> THE DATA:

★ ★ ★ ★

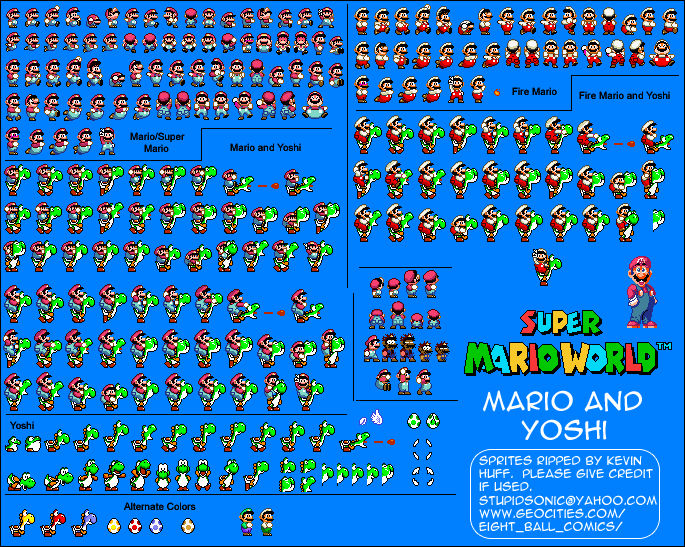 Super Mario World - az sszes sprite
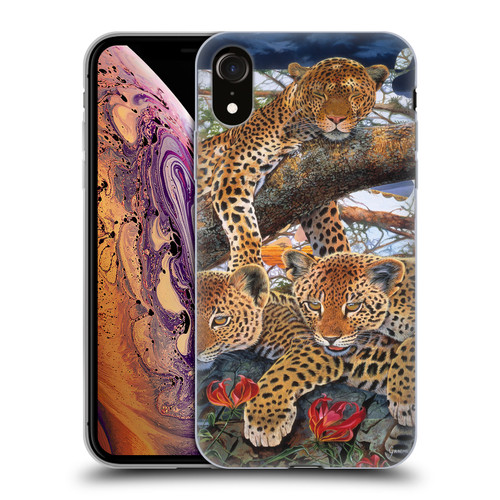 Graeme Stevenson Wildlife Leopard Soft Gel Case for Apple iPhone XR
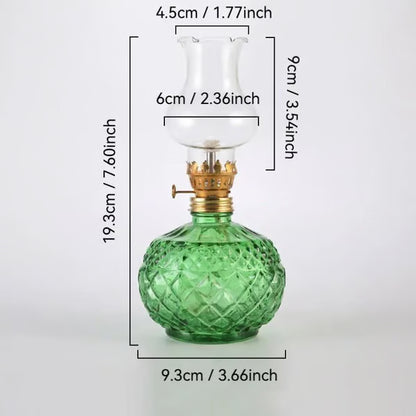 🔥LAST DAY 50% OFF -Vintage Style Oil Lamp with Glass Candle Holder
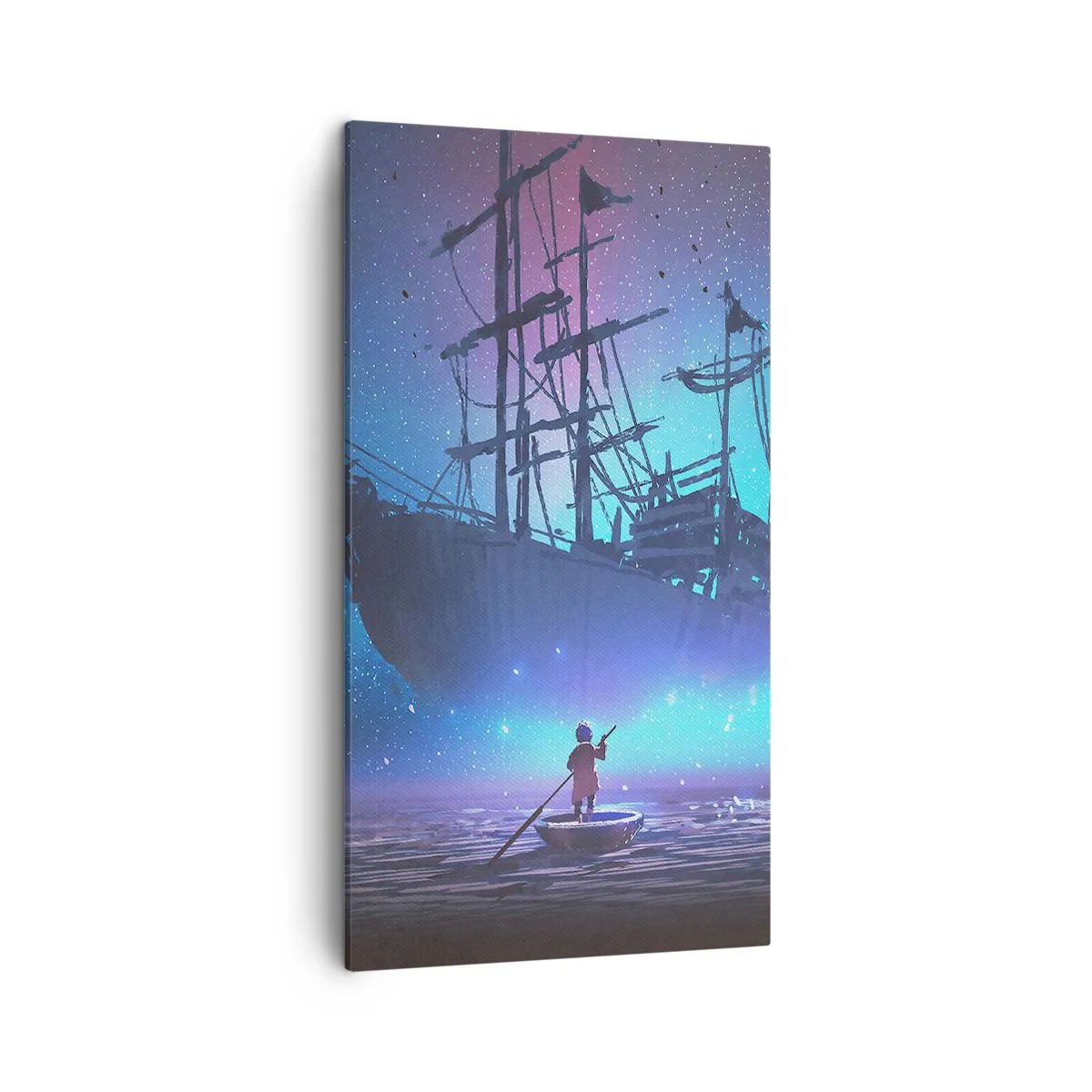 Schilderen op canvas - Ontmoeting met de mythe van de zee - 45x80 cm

★ ★ ★ ★

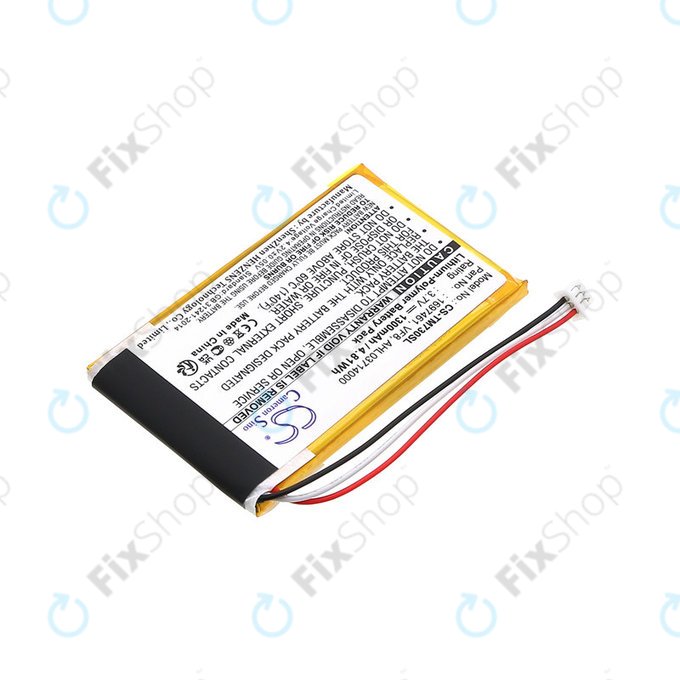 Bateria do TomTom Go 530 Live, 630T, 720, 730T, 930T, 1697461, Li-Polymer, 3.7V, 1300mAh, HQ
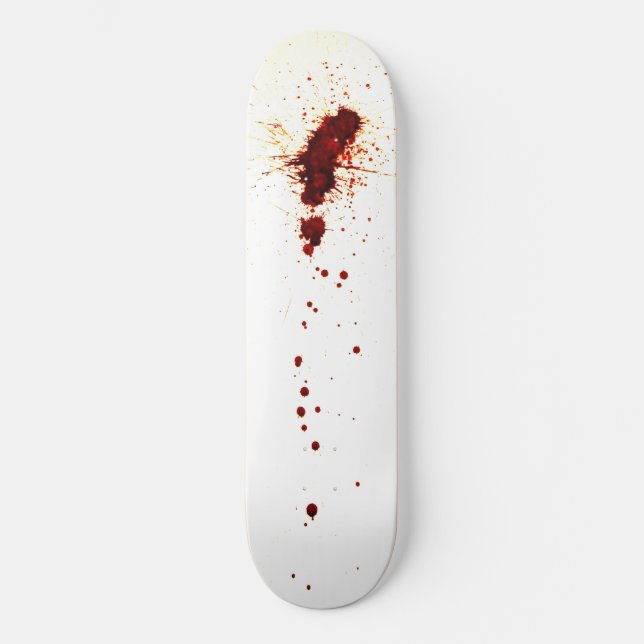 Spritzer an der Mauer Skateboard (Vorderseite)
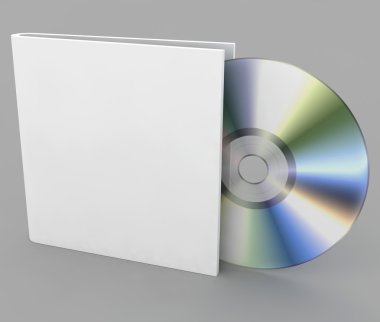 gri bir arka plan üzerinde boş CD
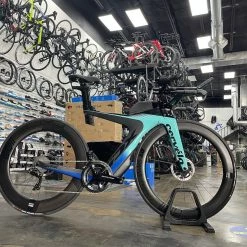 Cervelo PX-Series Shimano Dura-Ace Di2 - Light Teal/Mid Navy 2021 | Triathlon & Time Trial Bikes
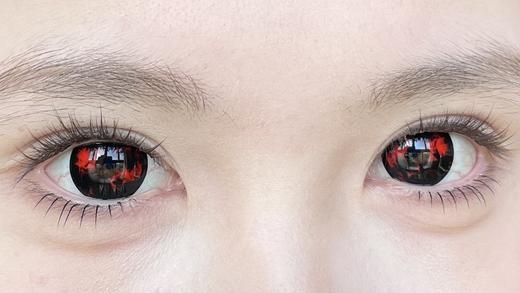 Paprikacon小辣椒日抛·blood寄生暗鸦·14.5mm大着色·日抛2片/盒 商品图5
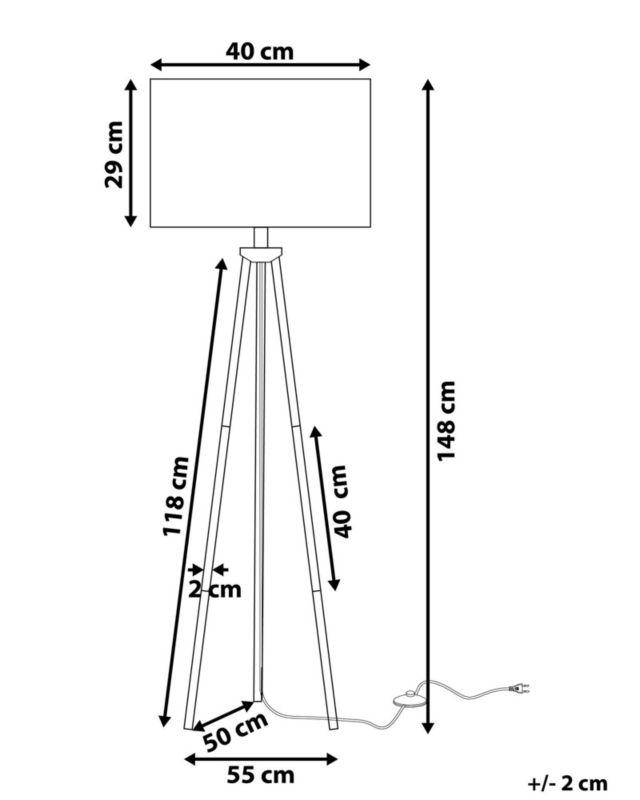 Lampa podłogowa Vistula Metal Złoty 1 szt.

★ ★ ★ ★

> ASSIGNED TASK: Nothing but the lines above from the one that has "Glass Candle Holder" down to the one that has "Schilderen op canvas" belongs in the answer, copied exactly, without pictures.

> TASK OUTPUT:
 🔥LAST DAY 50% OFF -Vintage Style Oil Lamp with Glass Candle Holder
 Schilderen op canvas - Ontmoeting met de mythe van de zee - 45x80 cm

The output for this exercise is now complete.